I hate getting scooped by my own publication, but that's what just happened when Salon's "5 Things" posted an Associated Press wire story about the Ladies Professional Golf Association's decision to require that all LPGA golfers pass an "oral evaluation of English skills." Grr. But the AP story is missing some key details, so I'll forge ahead anyway with the post I was working on.
The obvious catalyst for the LPGA's decision is the recent sustained dominance of the tour by South Korean women. But here's how the AP explains the English-only requirement:
"Why now? Athletes now have more responsibilities and we want to help their professional development," deputy commissioner Libba Galloway told The Associated Press. "There are more fans, more media and more sponsors. We want to help our athletes as best we can succeed off the golf course as well as on it."

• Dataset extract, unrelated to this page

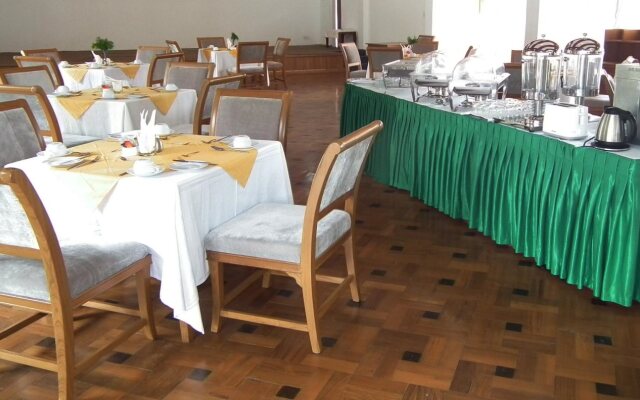 Golden Mrauk U Guest House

Galloway is, at best, engaging in some distracting disingenuousness. We turn to Golfweek for some slightly more illuminating detail.
Hilary Lunke, president of the Player Executive Committee, said much of this initiative stems from the importance of being able to entertain pro-am partners. Players already are fined if the LPGA receives complaints from their pro-am partners. Now the tour is taking it one step further.
"The bottom line is, we don't have a job if we don't entertain," Lunke said. "In my mind, that's as big a part of the job as shooting under par."
In a pro-am tournament, amateurs get to pay for the privilege of playing 18 holes alongside real professionals. But I guess it's not so much fun when your partner doesn't speak your language. To protect a crucial revenue stream, the LPGA is tightening the rules.
But that's not all. The next question is: Are there really "more fans, more media and more sponsors?" Or is South Korean dominance threatening the tour's popularity? A little more than a month ago, the Korean blog "The Marmot's Hole" highlighted an article by Arkansas Democrat-Gazette reporter Jeffrey Slaton, suggesting that the Korean onslaught was spelling trouble for the tour.
The LPGA needs a wake-up call.
After watching a South Korean woman win for the third consecutive week on the LPGA Tour, something needs to change...
...Attendance wasn't good, and television ratings were awful.
That alone should tell the LPGA something needs to change. And it better change quickly or the LPGA Tour is going to go the way of the WNBA, a well-run professional league with very little interest from the general public.
Slaton was careful not to blame the South Koreans -- who accounted for 8 of the final 12 golfers on the concluding day of the tournament -- for being superb golfers. His ire was directed at the LPGA for not doing more to encourage and foster locally-grown golfing talent.
Because it's not really about whether or not the golfers speak English -- it's all about the television ratings.